Usually people are nicer than this though and the point is far more subtle.

Let's recap. Sir Philip hates people defining themselves as disabled. They may well have impairments, indeed it's these impairments which make them eligible for the Paralympics, so he can't exactly detest those. He defines his sporting clan as Paralympic athletes. A positive label unlike, say, disabled athletes ... which some would argue is an oxymoron. (Can we say moron?)

Others do like to use the word 'disabled' however, because they feel like they should own it rather than have it used against them.

If you can put it better, please do in the comments below. Can anyone get it down to a paragraph ... maybe even a haiku?

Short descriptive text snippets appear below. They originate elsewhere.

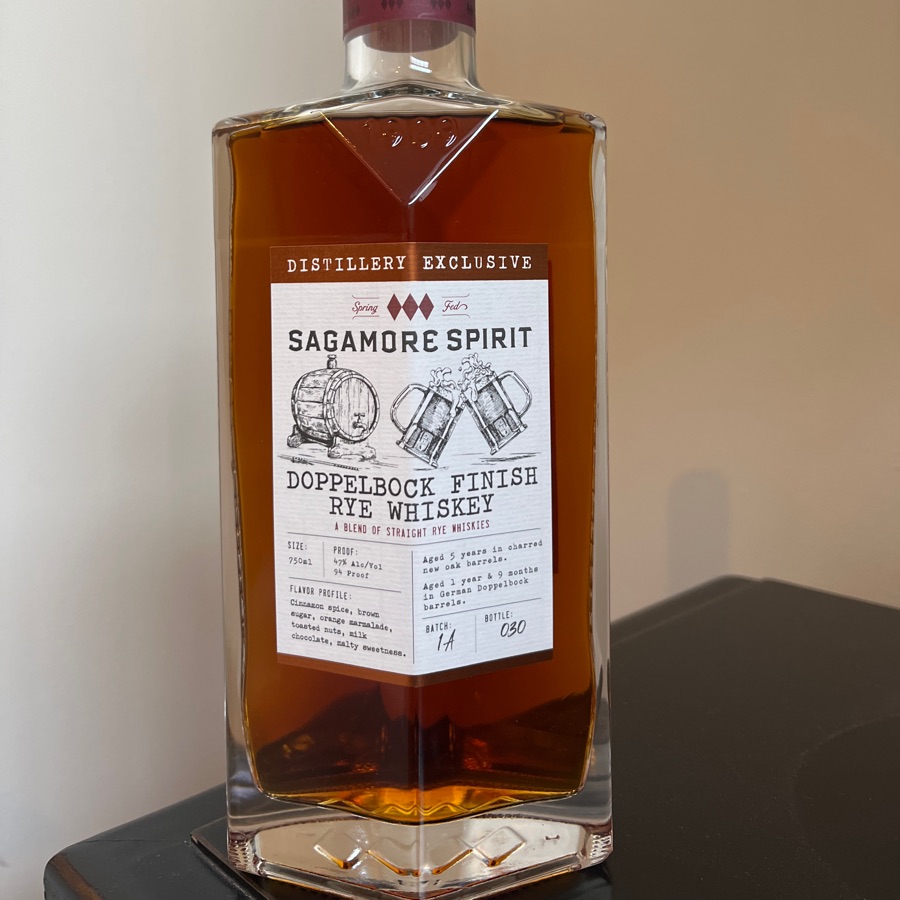 Sagamore Spirit Distillery Exclusive Doppelbock FInish Rye Whiskey (2023)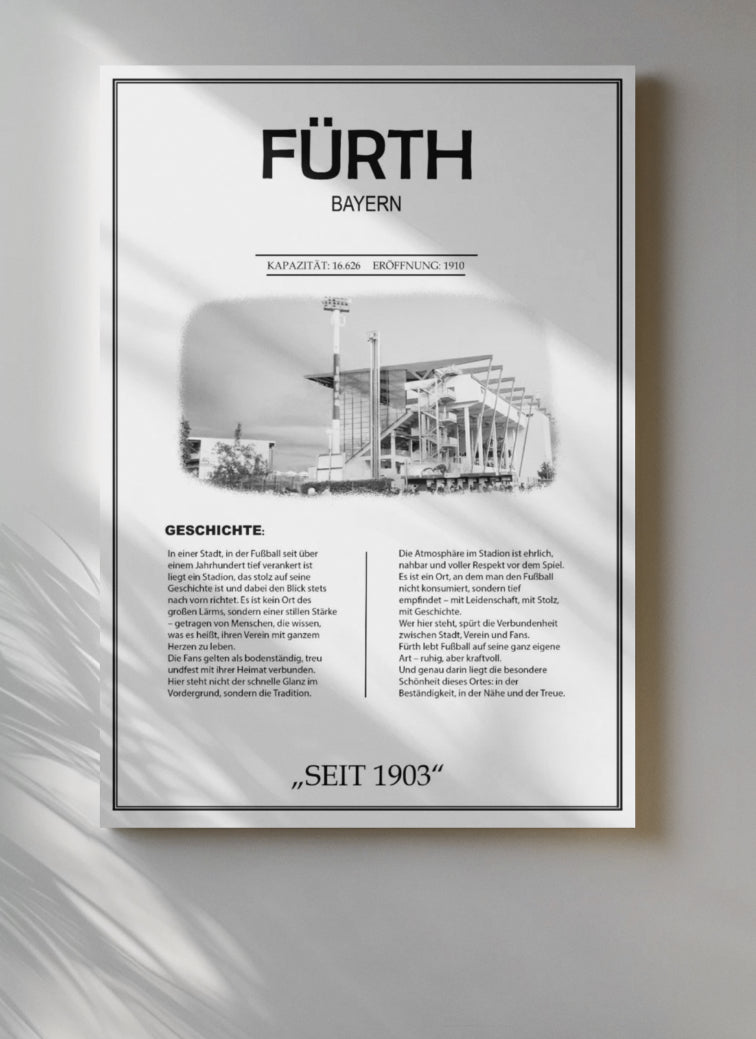 Fürth Stadion Leinwand
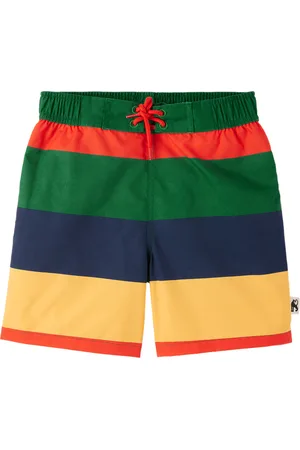 Mini Rodini Baby Multicolor Stripe Swim Shorts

Just in: This month's Disability Now has an article by Mike Shamash who has written about how he thinks .

Comments

  • Comment number 1.

    Everybody is disabled: there are things we're just not able to get past (la la la); to get past! [budding songwriter! :) ]

  • Comment number 2.

    Now is the winter of our buried 'can't do'; bring me the spring and I'll see you!

  • Comment number 3.

    I was increasingly disabled for 50 years, now I'm totally kn**.

  • Comment number 4.

    I guess either word is better than invalid which was widely used 50 years ago.

  • Comment number 5.

    We surveyed our members to ask them how they like/dislike to describe their hearing loss. As many people as liked one phrase, disliked another.

  • Comment number 6.

    Huw - where I grew up knackered was not a swear word - we used to have discussions about it: horses went to the knackers yard and you feel ready to go too! It appears to be a swearword in places with racehorses that were knackered after a second career as a stud whereas in industrial contexts it was working horses acquired injuries over years and were put out of their misery!

  • Comment number 7.

    In a Labour party working class family this was a concept that was part of the furniture even if we'd moved away from working in the sort of jobs were we'd have our residual value finally realised at the glue factory if it were legal! Interesting that 'Labour' is in it's turn like disability as not an ideal way to characterise people - or indeed horses.

  • Comment number 8.

    Disability? Impairment? Handicap? Does it really matter that much? Perhaps the writer would have done better to focus on how best to encourage people to have more effective dealings with deaf folk, especially in terms of things like communicating and service provision. Actions speak louder than words (even though deaf people don't always hear them).